ACTIVITY – Type out the data exactly as given. Skip any image.

DATASET SECTION –
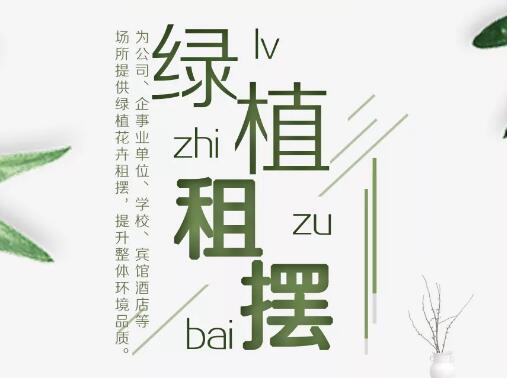 【慶?！款簣@藝家推出綠植租擺業(yè)務(wù)！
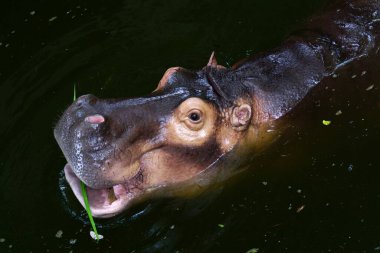 Göletteki su aygırına yaklaş.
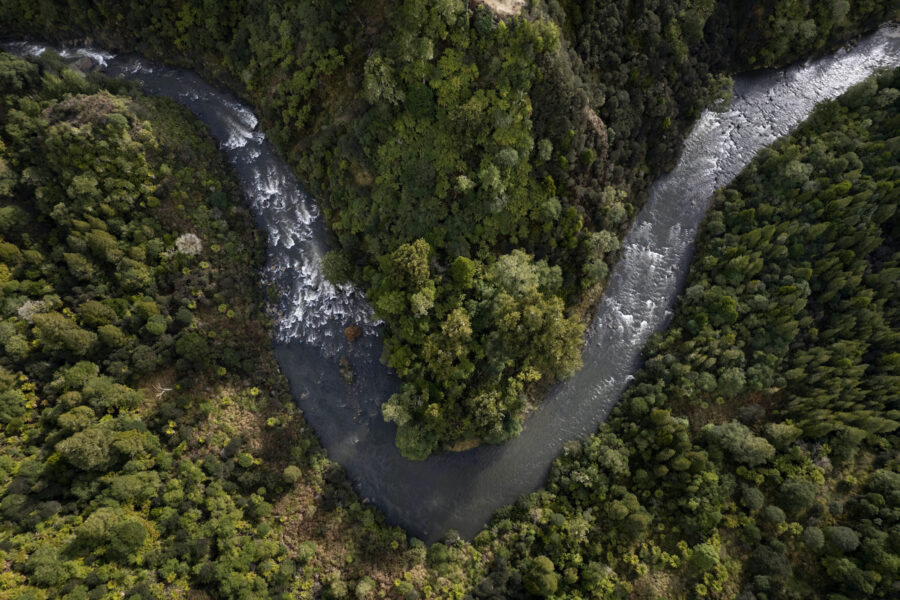 Floden Whanganui på Nya Zeeland, en av flera floder över världen som har fått egna rättigheter.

FINISHED TASK –
 【慶?！款簣@藝家推出綠植租擺業(yè)務(wù)！
 Göletteki su aygırına yaklaş.
 Floden Whanganui på Nya Zeeland, en av flera floder över världen som har fått egna rättigheter.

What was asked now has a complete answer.